The objective of this presentation is to show how to build such a resource, how to use it, what are the difficulties of construction and what are the possibilities that such a resource offers.
Lorraine Goeuriot – December 1, 2016
Mistress of conferences at Univ. Grenoble Alpes in the MRIM team of the Laboratoire d’informatique de Grenoble
Medical Information Retrieval and its evaluation: an overview of CLEF eHealth evaluation task
In this talk, I will introduce my research activities in the field of medical information retrieval, and in particular its evaluation.

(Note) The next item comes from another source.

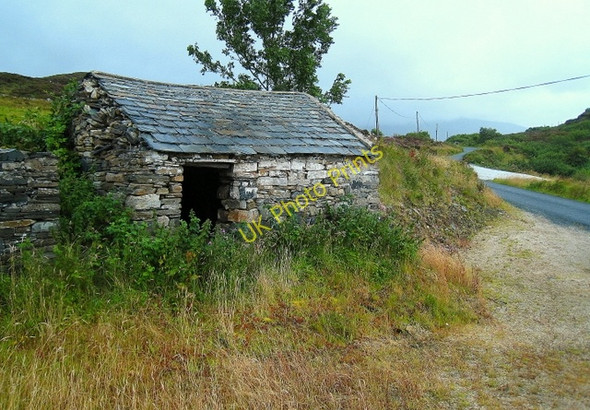 Photo 6"x4" Outbuilding near Roshin Castlebane c2009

The use of the Web as source of health-related information is a wide-spread phenomena, and laypeople often have difficulties finding relevant documents. The goal of the CLEF eHealth evaluation challenge is to provide researchers with datasets to improve consumer health search. I will firstly introduce the task and the datasets built. Then I will describe some experiments and results obtained on this dataset.
Fabien Ringeval – October 20, 2016
Lecturer at the Univ. Grenoble Alpes in the GETALP team of the
Laboratoire d’informatique de Grenoble
Towards the automatic recognition of ecological emotions
Automatic emotion recognition technologies have gained increasing attention in the last decade at both the academic and industrial levels, since they have found many applications in fields as varied as health, education, video games, advertising, or social robotics. Although good performances are reported in the literature for acted emotions, the automatic recognition of spontaneous emotions, as expressed in everyday life, remains an unresolved challenge, since these emotions are subtle, and their expression, like their meaning, vary greatly according to many speaker parameters, such as age, and gender, but also personality, social role, language, and culture. In this presentation, I will describe the current methodologies in affective data acquisition and annotation, and present the latest advances for the automatic recognition of emotions from the speech signal.